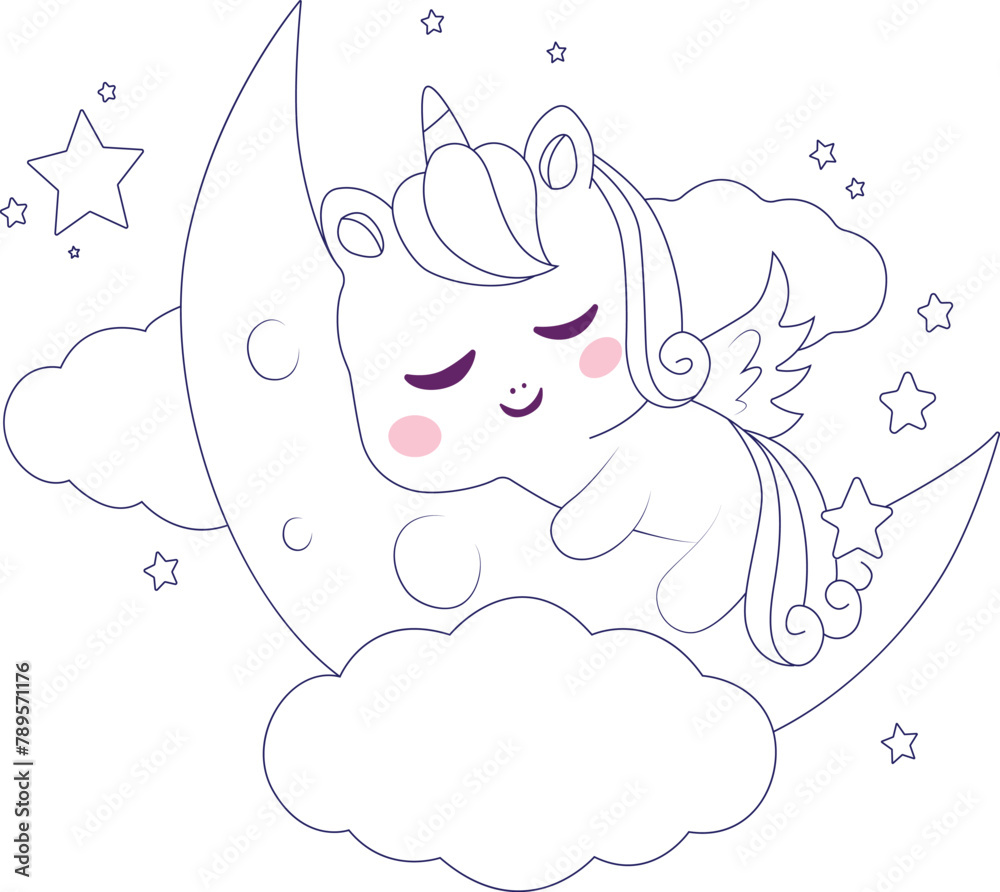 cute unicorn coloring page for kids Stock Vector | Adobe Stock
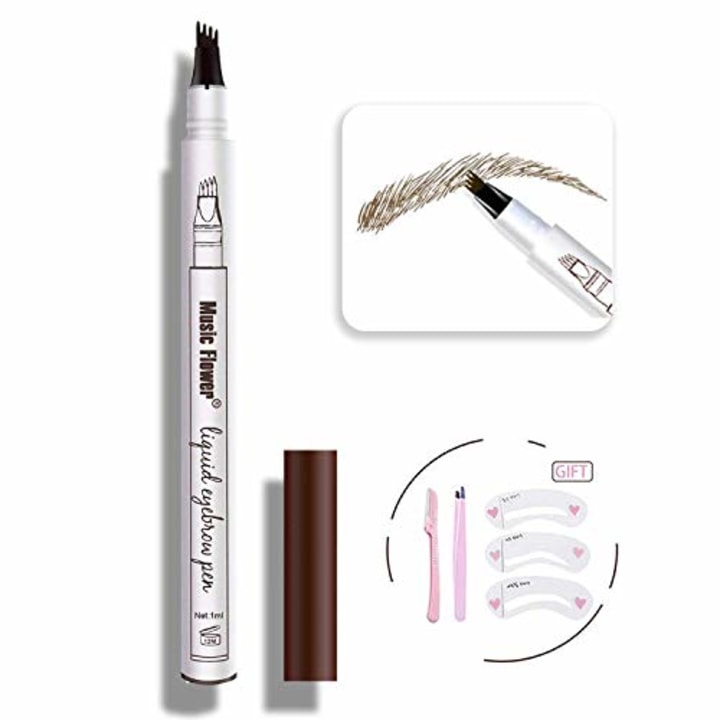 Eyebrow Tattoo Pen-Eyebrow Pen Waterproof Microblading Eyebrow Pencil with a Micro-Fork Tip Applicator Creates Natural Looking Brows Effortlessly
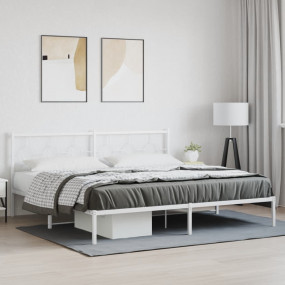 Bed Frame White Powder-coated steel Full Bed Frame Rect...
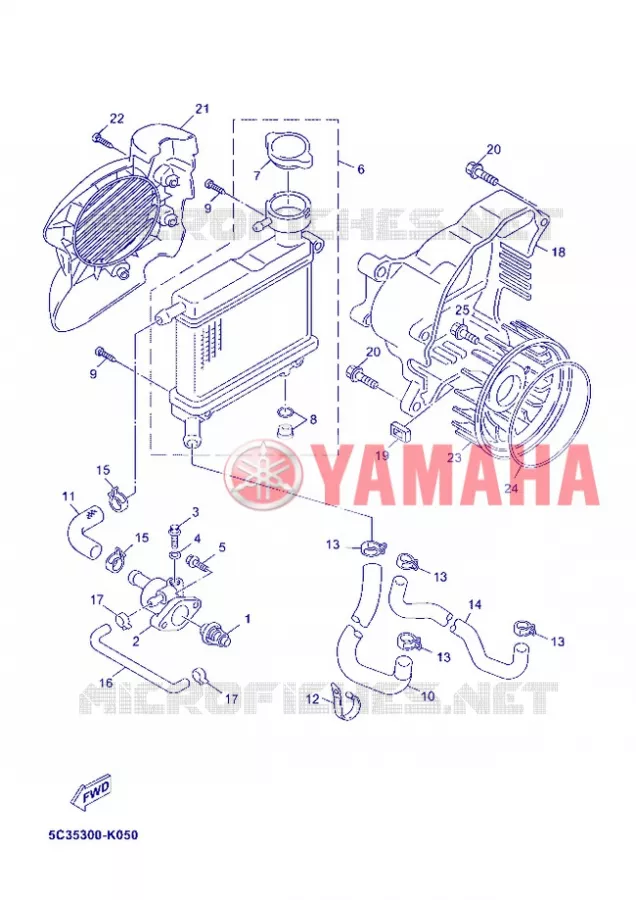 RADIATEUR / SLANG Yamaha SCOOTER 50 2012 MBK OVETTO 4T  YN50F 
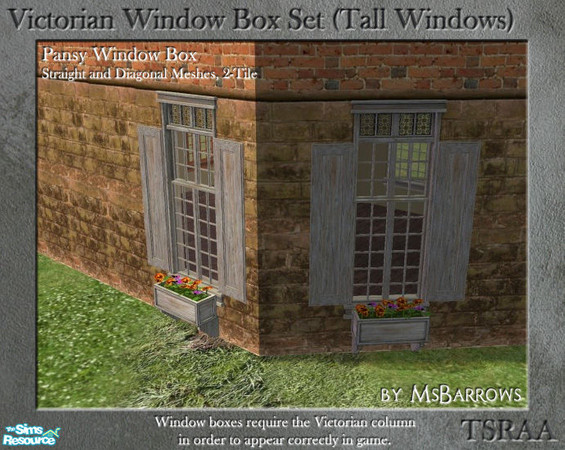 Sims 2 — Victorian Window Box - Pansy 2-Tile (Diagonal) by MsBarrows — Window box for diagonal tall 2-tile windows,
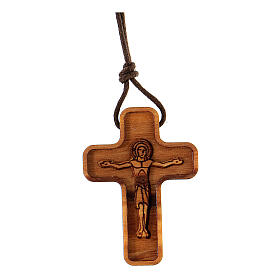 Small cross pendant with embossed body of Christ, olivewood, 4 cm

# # # # #

Transcribe all of the material exactly, leaving out whatever pictures it contains.

 cute unicorn coloring page for kids Stock Vector | Adobe Stock
 Eyebrow Tattoo Pen-Eyebrow Pen Waterproof Microblading Eyebrow Pencil with a Micro-Fork Tip Applicator Creates Natural Looking Brows Effortlessly
 Bed Frame White Powder-coated steel Full Bed Frame Rect...
 RADIATEUR / SLANG Yamaha SCOOTER 50 2012 MBK OVETTO 4T  YN50F 
 Sims 2 — Victorian Window Box - Pansy 2-Tile (Diagonal) by MsBarrows — Window box for diagonal tall 2-tile windows,
 Small cross pendant with embossed body of Christ, olivewood, 4 cm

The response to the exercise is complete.